呼吸は口呼吸と鼻呼吸に分けられますが、口呼吸が体に悪影響を与えることが問題となっています。歯科領域における2大疾患、すなわち虫歯と歯周病においても従来の口腔清掃だけでは解決できない場合が増加しています。口の中は本来、だ液に潤されることでいい状態が保たれていますが、口呼吸により乾燥すると虫歯や歯ぐきの炎症を起こすことが知られています。十分なブラッシングを行っているにもかかわらず口腔内のトラブルを起こしやすい人は口呼吸を疑ってみる必要があります。また口呼吸はのどの奥の扁桃リンパ輪に慢性的な炎症を引き起こすために免疫系疾患との関連も言われています。このように口呼吸を行うことは身体に悪影響を与えますのでこれを改善することが健康維持には必要です。

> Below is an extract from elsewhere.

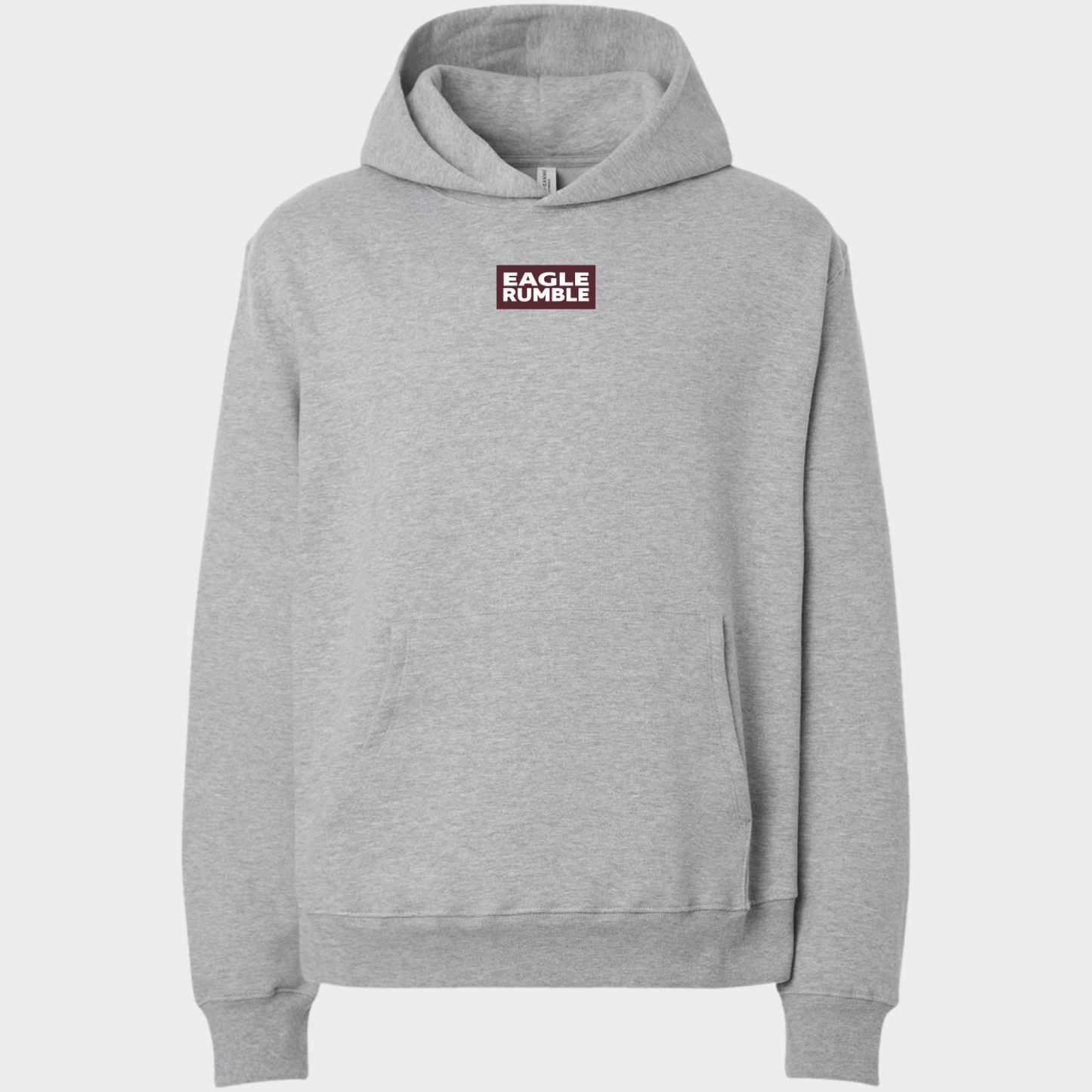 NAPTO: Eagle Rumble 10oz Heavyweight Sweatshirt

口呼吸の改善方法には大きく2つのものがあります。ひとつは「あいうべ」と言いながら舌を出す「あいうべ体操」のように舌の筋肉を鍛えるものと、トレーニング様のマウスピースを使用して口の周りの口輪筋を鍛えるものがあります。どちらも口呼吸を治す効果があります。詳しくはかかりつけの歯科医師に御相談ください。(2012年放送)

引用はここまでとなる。